--- ABOUT THIS EXERCISE ---
As the answer, set down the lines below from the one containing "Wooden Beehive Starter Kit" through the one containing "FICUS CARICA BOIRON MACERATO GLICERICO 60 ML", exactly and inclusively, and no others.

--- DATASET RECORDS ---
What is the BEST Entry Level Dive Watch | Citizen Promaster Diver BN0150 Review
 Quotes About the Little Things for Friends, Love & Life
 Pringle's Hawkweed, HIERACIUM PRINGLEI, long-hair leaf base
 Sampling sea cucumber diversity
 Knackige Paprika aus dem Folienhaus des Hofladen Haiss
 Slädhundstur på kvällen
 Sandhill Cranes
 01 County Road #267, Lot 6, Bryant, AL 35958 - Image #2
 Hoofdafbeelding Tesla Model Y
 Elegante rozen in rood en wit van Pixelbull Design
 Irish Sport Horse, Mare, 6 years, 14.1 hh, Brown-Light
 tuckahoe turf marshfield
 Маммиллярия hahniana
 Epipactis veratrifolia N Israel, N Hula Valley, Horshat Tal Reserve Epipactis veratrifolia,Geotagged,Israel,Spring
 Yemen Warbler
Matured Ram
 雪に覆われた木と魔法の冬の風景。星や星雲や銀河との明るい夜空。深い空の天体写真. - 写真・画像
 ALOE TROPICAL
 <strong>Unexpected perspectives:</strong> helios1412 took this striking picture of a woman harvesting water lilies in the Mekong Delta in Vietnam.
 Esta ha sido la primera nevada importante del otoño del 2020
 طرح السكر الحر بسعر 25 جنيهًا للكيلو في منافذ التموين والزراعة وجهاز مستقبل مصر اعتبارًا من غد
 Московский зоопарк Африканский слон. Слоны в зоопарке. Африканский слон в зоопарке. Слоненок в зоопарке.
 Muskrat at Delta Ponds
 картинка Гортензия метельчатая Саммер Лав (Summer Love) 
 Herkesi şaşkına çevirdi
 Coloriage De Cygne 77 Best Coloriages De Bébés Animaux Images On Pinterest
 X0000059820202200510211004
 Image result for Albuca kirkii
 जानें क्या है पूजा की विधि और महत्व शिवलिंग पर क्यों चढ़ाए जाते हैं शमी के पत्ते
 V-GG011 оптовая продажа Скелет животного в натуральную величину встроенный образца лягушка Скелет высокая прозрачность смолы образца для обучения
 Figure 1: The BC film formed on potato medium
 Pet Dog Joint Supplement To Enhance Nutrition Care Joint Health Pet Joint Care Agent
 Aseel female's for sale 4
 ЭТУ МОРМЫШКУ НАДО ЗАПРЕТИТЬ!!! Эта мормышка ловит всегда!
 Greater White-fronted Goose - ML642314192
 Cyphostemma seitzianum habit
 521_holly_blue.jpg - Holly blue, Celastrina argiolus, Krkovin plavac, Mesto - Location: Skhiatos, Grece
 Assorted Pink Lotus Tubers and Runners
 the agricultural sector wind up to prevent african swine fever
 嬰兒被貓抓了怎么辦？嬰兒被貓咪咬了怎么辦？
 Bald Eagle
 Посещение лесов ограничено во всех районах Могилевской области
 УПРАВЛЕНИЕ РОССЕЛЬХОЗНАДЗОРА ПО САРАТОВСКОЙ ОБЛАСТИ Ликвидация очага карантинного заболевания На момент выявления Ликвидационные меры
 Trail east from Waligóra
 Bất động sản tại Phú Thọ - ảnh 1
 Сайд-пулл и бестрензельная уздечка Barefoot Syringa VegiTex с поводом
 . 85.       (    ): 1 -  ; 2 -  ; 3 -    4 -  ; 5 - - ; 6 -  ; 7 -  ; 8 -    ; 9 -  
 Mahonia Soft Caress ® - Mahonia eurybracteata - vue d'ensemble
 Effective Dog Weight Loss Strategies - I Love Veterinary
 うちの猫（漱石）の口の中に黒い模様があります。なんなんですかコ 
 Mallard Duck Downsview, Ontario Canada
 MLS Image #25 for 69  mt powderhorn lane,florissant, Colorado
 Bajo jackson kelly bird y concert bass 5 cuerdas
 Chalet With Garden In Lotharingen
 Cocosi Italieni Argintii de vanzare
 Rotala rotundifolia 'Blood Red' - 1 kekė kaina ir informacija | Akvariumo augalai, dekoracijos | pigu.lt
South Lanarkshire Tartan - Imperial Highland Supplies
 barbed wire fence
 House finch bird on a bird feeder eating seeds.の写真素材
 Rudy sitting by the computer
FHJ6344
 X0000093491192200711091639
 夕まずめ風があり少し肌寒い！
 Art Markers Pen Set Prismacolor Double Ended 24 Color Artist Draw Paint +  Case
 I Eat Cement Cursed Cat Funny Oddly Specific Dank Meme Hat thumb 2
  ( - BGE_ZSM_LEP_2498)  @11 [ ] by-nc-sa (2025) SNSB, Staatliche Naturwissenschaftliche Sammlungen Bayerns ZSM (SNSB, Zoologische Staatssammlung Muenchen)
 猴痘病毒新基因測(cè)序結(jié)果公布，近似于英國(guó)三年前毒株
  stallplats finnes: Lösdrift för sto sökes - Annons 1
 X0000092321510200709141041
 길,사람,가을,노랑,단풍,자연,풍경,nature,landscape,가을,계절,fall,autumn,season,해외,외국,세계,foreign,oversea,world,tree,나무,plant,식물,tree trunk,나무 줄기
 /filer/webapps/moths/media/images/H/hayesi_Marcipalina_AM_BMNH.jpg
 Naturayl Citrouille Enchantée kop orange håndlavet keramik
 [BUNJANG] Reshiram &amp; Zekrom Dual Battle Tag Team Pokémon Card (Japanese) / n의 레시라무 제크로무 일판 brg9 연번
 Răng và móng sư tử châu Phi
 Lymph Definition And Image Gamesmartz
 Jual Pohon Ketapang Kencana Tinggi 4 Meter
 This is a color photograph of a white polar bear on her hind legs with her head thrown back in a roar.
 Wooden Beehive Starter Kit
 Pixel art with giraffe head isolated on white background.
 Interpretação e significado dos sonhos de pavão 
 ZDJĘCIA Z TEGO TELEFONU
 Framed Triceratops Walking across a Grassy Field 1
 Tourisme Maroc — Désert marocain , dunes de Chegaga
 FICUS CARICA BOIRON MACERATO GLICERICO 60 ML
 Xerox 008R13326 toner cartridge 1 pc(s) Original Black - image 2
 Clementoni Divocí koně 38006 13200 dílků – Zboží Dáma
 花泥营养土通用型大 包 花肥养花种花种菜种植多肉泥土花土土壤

--- PROBLEM SOLUTION ---
 Wooden Beehive Starter Kit
 Pixel art with giraffe head isolated on white background.
 Interpretação e significado dos sonhos de pavão 
 ZDJĘCIA Z TEGO TELEFONU
 Framed Triceratops Walking across a Grassy Field 1
 Tourisme Maroc — Désert marocain , dunes de Chegaga
 FICUS CARICA BOIRON MACERATO GLICERICO 60 ML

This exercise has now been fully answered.